Maestà /it/, the Italian word for 'majesty', designates a classification of images of the enthroned Madonna with the child Jesus, the designation generally implying accompaniment by angels, saints, or both. The Maestà is an extension of the "Seat of Wisdom" theme of the seated "Mary Theotokos", "Mary Mother of God", which is a counterpart to the earlier icon of Christ in Majesty, the enthroned Christ that is familiar in Byzantine mosaics.
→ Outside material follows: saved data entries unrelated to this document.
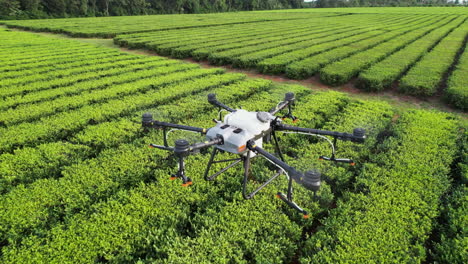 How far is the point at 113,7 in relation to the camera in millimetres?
66188

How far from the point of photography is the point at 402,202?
4586 mm

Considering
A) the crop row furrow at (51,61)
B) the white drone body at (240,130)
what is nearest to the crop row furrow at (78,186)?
the white drone body at (240,130)

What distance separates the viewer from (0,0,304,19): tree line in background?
49969mm

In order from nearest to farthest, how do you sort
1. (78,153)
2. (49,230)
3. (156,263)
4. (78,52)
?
(156,263), (49,230), (78,153), (78,52)

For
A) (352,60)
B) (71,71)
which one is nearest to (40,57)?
(71,71)

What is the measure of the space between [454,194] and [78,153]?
292 inches

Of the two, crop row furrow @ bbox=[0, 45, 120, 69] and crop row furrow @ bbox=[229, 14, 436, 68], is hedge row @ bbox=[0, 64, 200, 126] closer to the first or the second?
crop row furrow @ bbox=[229, 14, 436, 68]

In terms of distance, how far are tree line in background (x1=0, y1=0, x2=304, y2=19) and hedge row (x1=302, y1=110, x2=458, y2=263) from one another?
60294 mm

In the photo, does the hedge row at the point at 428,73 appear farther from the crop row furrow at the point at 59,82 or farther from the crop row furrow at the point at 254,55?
the crop row furrow at the point at 59,82

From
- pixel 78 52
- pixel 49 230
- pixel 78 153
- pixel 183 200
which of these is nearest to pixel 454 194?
pixel 183 200

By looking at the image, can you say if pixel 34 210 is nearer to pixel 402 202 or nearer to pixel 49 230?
pixel 49 230

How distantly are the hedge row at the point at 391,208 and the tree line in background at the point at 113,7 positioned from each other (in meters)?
60.3

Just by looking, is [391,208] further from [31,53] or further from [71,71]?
[31,53]

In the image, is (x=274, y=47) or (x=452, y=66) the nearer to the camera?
(x=452, y=66) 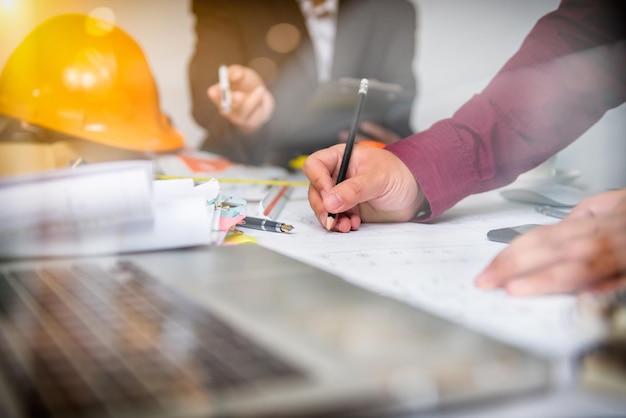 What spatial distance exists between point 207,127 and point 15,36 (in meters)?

Maria Regina is an art historians' synonym for the iconic image of Mary enthroned, with or without the Child.

In the West, the image seems to have developed from Byzantine precedents such as the coin of Constantine's Empress Fausta, crowned and with their sons on her lap and from literary examples, such as Flavius Cresconius Corippus's celebration of Justin II's coronation in 565. Paintings depicting the Maestà came into the mainstream artistic repertory, especially in Rome, in the late twelfth and early thirteenth centuries, with an increased emphasis on the veneration of Mary. The Maestà was often executed in fresco technique directly on plastered walls or as paintings on gessoed wooden altar panels.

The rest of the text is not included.